(What the exercise asks):
Give back exactly the lines starting at the one with "Shop Sam Edelman" and ending at the last line of the data below. Pictures are not part of the copy.

(Provided material):

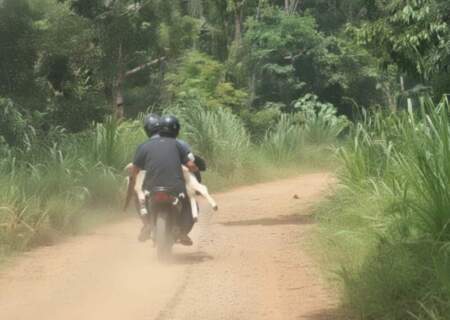 Huían en moto con un ternero robado y fueron atrapados tras una persecución policial imagen-11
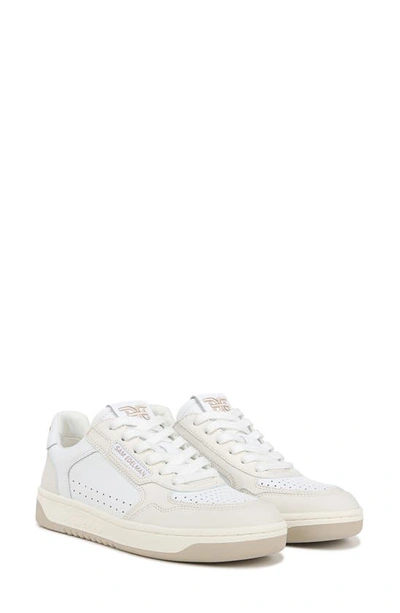 Shop Sam Edelman Harper Sneaker In White/ Sugar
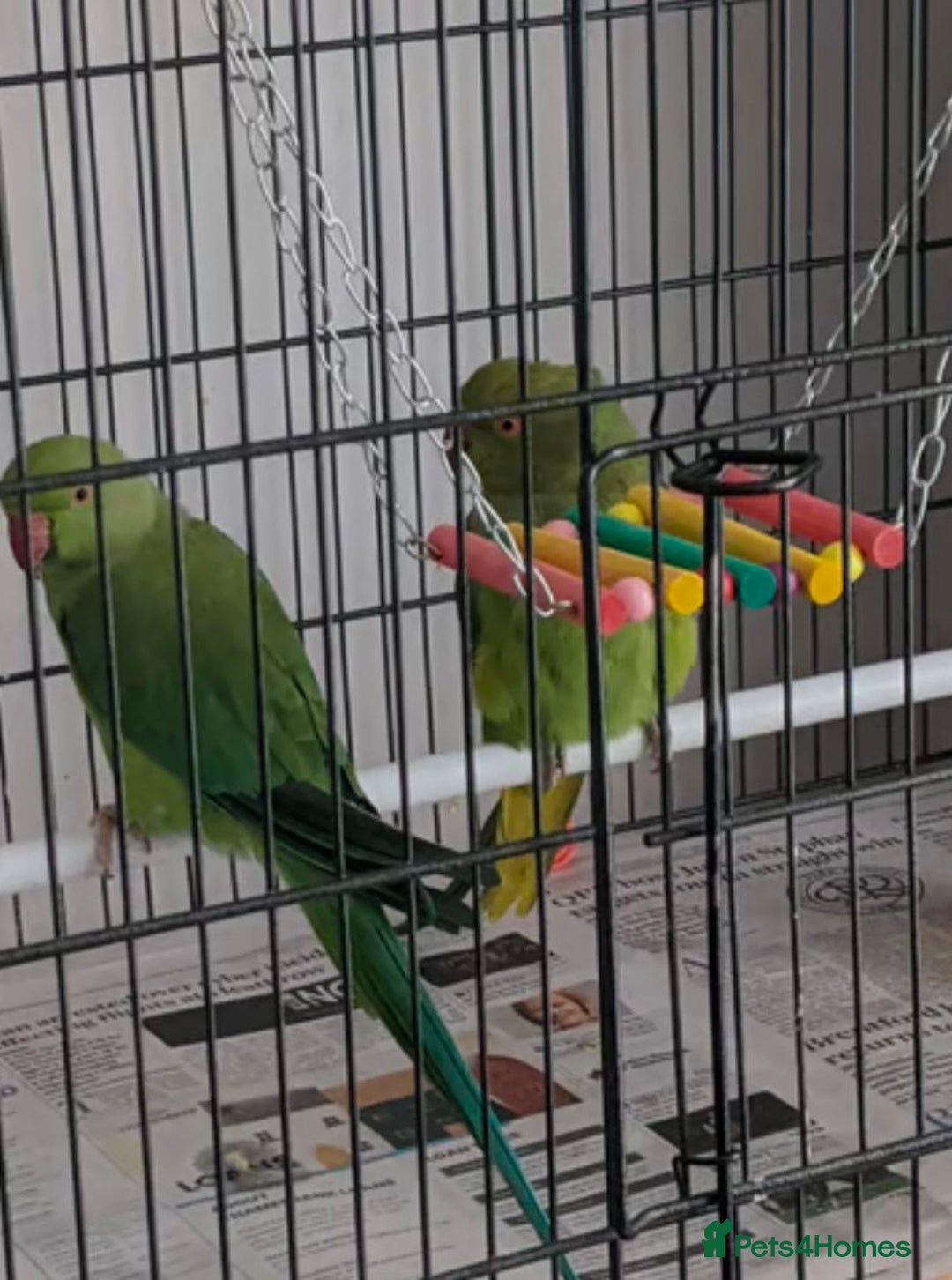 Parrots birds for sale: LOVELY PARR0TS WITH CAGE - Image 7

(Response to the task):
 Shop Sam Edelman Harper Sneaker In White/ Sugar
 Parrots birds for sale: LOVELY PARR0TS WITH CAGE - Image 7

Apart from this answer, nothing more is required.